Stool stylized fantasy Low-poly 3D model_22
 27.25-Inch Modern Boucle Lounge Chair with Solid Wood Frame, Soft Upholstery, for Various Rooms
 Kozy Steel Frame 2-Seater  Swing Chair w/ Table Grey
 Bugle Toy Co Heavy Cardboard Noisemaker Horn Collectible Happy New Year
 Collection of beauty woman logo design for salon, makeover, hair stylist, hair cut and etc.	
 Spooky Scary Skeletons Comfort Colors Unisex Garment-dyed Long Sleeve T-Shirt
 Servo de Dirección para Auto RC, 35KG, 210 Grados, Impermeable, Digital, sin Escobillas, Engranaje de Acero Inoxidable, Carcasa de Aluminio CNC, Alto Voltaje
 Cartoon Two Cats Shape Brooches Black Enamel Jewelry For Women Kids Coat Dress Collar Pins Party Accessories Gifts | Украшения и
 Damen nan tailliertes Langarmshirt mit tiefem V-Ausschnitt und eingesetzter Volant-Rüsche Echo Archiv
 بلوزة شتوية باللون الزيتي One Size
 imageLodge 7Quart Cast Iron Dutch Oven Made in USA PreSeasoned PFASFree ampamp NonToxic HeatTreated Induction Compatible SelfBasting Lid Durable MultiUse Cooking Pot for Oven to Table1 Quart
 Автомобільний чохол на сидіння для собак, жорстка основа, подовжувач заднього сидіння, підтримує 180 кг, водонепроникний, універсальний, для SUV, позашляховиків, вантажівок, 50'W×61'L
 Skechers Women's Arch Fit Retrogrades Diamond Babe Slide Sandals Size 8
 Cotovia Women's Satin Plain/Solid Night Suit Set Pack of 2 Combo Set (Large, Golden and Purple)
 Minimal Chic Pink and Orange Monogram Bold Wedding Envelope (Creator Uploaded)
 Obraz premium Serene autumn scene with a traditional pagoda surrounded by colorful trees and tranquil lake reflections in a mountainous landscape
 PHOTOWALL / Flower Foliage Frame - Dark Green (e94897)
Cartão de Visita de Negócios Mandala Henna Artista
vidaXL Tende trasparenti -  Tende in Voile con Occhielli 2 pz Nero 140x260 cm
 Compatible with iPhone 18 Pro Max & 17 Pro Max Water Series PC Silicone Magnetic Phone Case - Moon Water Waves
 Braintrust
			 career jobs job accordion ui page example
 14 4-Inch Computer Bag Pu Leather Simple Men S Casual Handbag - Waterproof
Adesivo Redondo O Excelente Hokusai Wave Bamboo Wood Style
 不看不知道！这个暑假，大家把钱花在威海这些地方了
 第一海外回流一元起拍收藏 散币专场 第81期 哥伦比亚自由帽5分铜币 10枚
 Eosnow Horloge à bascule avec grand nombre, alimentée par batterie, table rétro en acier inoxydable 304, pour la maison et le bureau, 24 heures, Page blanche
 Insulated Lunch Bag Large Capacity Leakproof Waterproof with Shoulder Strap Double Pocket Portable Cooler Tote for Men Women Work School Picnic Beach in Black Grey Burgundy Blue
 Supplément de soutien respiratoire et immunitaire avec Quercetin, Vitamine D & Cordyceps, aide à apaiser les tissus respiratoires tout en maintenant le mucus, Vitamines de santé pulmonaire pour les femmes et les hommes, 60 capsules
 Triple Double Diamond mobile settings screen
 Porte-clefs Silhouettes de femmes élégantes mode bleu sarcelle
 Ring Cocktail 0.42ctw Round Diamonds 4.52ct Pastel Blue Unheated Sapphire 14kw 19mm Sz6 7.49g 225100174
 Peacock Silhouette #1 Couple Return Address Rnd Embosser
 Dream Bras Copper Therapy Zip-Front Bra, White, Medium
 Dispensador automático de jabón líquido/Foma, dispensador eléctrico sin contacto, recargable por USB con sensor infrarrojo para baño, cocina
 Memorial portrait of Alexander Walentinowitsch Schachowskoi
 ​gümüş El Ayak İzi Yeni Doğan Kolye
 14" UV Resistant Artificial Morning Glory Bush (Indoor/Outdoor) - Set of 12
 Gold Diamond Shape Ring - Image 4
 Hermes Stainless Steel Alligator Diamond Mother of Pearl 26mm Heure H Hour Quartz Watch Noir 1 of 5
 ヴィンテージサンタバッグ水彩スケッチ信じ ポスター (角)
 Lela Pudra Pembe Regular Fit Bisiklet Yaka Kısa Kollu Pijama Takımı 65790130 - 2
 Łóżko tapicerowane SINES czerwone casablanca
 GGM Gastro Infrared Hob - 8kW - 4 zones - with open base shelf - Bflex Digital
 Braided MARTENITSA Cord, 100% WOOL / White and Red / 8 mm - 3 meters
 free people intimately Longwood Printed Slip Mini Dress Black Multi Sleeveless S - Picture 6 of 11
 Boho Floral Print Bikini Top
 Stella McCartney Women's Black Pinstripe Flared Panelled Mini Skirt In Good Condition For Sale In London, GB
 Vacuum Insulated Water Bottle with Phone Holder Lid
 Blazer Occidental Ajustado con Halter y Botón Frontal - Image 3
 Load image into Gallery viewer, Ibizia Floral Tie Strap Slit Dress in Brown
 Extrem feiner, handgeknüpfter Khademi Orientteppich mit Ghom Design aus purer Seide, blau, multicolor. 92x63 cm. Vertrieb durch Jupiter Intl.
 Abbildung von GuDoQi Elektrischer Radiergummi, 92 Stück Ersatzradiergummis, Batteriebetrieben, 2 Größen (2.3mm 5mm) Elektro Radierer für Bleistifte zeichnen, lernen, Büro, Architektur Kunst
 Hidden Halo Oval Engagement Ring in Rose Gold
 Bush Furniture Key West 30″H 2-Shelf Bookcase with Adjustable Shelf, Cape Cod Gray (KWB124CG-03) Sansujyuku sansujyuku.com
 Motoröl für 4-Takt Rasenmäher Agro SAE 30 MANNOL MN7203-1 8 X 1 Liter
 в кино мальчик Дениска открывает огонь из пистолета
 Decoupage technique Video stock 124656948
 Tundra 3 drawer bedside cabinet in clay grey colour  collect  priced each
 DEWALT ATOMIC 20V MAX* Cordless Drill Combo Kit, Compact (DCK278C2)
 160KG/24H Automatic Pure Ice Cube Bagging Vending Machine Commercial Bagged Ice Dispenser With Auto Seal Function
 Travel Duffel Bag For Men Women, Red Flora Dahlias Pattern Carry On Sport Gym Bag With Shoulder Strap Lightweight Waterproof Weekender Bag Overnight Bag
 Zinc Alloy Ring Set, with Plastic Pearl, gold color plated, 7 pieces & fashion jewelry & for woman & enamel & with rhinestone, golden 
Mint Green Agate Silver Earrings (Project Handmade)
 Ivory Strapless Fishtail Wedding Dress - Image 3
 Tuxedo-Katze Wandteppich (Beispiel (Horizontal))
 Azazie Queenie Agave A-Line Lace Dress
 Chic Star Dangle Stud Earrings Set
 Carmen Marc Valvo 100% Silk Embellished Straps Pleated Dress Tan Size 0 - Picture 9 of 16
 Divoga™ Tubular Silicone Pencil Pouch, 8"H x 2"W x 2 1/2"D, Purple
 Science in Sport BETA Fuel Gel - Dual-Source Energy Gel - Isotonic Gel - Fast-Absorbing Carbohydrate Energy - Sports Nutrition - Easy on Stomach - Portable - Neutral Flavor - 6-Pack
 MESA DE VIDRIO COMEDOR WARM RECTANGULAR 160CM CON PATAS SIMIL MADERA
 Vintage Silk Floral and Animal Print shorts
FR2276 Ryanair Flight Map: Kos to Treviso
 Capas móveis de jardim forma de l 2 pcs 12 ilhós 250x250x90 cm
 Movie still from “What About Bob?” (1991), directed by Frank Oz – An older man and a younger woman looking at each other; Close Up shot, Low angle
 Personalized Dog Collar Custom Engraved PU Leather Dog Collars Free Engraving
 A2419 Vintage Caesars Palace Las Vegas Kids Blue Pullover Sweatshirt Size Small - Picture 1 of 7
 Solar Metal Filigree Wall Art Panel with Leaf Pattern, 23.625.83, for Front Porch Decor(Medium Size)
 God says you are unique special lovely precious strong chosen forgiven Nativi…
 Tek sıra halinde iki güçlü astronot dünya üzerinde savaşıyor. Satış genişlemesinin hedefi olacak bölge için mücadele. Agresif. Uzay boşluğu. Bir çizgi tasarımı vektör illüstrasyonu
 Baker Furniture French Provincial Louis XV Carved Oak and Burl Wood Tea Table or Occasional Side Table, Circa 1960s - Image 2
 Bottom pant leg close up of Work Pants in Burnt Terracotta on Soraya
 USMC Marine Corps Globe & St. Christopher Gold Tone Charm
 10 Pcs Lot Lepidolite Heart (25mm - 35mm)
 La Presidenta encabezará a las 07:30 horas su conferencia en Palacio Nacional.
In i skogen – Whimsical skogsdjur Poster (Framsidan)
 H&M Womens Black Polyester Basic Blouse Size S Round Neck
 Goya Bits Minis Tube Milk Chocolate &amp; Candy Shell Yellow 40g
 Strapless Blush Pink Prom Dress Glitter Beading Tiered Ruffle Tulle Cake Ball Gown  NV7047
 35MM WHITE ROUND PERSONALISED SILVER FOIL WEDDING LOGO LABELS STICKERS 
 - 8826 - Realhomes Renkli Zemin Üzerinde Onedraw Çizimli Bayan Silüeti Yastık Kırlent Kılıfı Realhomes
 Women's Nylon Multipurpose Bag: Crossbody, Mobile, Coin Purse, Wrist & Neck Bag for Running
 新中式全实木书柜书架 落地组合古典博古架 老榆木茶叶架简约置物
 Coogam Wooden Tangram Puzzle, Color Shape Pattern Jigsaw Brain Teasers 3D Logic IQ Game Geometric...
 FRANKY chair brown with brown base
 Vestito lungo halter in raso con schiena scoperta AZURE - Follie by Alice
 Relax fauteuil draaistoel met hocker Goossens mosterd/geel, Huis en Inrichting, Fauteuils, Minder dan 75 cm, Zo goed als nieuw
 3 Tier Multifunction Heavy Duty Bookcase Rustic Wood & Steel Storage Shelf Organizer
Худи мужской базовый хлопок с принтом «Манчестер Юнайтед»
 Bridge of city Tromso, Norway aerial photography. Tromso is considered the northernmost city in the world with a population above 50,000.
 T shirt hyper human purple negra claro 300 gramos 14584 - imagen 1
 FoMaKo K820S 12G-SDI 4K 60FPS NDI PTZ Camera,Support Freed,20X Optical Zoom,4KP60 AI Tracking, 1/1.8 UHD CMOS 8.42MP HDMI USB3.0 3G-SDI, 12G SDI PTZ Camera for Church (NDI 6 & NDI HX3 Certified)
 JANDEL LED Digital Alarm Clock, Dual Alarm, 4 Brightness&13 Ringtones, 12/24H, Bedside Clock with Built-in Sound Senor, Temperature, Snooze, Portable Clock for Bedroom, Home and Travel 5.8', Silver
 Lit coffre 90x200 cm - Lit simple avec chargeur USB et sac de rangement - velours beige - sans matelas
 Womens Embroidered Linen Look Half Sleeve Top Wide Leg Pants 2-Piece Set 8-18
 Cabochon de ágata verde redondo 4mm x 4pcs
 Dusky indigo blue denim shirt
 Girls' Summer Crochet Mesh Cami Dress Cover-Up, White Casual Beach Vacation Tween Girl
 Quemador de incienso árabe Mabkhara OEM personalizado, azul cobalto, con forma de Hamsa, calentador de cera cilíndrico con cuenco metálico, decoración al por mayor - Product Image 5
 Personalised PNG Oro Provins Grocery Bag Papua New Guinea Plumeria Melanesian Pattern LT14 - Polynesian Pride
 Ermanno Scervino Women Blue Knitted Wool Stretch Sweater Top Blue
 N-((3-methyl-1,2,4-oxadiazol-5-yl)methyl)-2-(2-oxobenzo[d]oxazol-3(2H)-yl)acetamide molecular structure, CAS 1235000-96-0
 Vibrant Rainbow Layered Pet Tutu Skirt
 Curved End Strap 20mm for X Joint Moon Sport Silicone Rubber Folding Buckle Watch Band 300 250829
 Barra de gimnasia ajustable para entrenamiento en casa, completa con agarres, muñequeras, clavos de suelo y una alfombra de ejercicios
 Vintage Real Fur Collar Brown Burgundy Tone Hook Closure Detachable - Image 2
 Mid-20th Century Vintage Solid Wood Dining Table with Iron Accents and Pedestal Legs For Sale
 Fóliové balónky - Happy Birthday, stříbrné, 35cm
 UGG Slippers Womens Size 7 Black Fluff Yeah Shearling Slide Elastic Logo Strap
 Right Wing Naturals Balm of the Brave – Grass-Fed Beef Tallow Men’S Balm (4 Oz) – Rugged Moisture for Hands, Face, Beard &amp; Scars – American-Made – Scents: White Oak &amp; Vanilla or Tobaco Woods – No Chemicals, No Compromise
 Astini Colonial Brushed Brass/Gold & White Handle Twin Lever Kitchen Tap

§

▶ **TASK STATEMENT**:
From the listing above, output exactly the run of lines that starts with the line containing "Boho Floral Print Bikini Top" and ends with the line containing "Extrem feiner, handgeknüpfter".

▶ **EXERCISE RESPONSE**:
 Boho Floral Print Bikini Top
 Stella McCartney Women's Black Pinstripe Flared Panelled Mini Skirt In Good Condition For Sale In London, GB
 Vacuum Insulated Water Bottle with Phone Holder Lid
 Blazer Occidental Ajustado con Halter y Botón Frontal - Image 3
 Load image into Gallery viewer, Ibizia Floral Tie Strap Slit Dress in Brown
 Extrem feiner, handgeknüpfter Khademi Orientteppich mit Ghom Design aus purer Seide, blau, multicolor. 92x63 cm. Vertrieb durch Jupiter Intl.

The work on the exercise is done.